Perhaps this was an inevitable step for Lynx, which has always traded on sexiness: its 2011 “fallen angels” advert saw beautiful women with wings and haloes plummet to Earth towards the irresistible scent of Lynx-wearing men. But, by equating desirability with this latest product – especially given that Lynx is marketed primarily towards teenagers and young men – the brand is arguably capitalising on its target customer’s vulnerabilities. In the same way that vaginal douches could fuel anxieties about vaginal hygiene (for the record, vaginas are self-cleaning), the marketing of “lower body” sprays could create a sense that washing alone is not enough. And, heaven forbid teenagers decide that these products can be used in the place of showers, as some kind of “goblin mode” hack.
“I would say there is some general genital anxiety in the air,” DeFino says, pointing to abortion bans in the US, the British supreme court’s recent ruling that being a “woman” means “biologically female”, as well as “the rise of conservative pronatalist rhetoric, a renewed focus on rigid gender roles and legislation that interferes in citizens’ sex lives”.
“All these policies reduce people to parts with prescribed uses,” she says. “The anxiety produced by this reduction gets projected on to products. When the state is policing your body, ‘genital skincare’ suggests policing it yourself can restore some sense of control.”

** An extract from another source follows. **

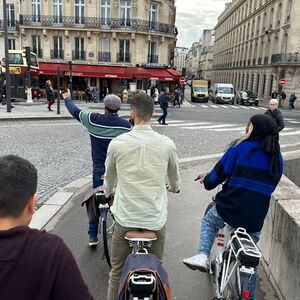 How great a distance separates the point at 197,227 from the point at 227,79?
75610 mm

“Control” certainly seems to be the key attraction of whole-body and long-lasting deodorants. A number of the influencers advertising Sure’s whole body products online refer to “Fobo” – “fear of body odour”. I haven’t seen that acronym used by anyone who is not selling Sure products, except to mean “fear of better options”, so it may well have been cooked up by the brand, rather than something people are genuinely saying. But that doesn’t mean the sentiment behind it isn’t true: research conducted by fabric-softener brand Lenor in 2019 found that, of the 2,000 British adults polled, 30% had held themselves back socially because of a fear that they smelled bad.

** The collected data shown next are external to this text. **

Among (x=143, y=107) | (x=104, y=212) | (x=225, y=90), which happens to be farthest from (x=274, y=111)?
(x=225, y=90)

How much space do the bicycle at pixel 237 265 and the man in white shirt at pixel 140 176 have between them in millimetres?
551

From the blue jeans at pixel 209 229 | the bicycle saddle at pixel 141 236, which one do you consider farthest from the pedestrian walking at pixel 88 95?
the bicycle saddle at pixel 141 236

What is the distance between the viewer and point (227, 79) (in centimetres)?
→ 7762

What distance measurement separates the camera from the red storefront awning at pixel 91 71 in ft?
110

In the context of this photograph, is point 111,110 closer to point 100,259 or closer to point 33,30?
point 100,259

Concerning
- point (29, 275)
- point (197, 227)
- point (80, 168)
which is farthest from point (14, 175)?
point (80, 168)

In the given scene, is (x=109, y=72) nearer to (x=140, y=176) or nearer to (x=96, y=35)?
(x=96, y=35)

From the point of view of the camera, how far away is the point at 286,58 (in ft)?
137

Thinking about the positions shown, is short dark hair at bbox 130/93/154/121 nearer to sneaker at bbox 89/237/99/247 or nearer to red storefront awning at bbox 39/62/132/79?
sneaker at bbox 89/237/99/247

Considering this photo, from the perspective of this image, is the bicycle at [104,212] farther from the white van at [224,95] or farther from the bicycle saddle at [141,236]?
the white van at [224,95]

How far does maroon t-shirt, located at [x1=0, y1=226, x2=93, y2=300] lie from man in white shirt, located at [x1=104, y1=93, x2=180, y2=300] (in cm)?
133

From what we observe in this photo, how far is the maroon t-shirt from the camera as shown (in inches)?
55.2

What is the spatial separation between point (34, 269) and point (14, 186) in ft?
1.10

Such anxieties are only heightened by social media, creating pressure to have the kind of perfectly cultivated, curated life that is advertised to us at every turn. The algorithms want us to worry about how we smell, just as they want us to worry about how we look – because then we will buy more products.
“Social media and beauty marketing have played a big role in normalising the idea that any body area that sweats could be treated,” Spear says. Nobody wants to smell bad – although perhaps anyone who has felt sucked in by whole-body deodorant’s marketing might appreciate the reminder that a disgust of body odour has been linked to an increased likelihood to hold rightwing views – but it is perfectly possible to stay fresh without whole-body products. As Spear stresses: “Most people manage fine with traditional underarm deodorants and basic hygiene practices.”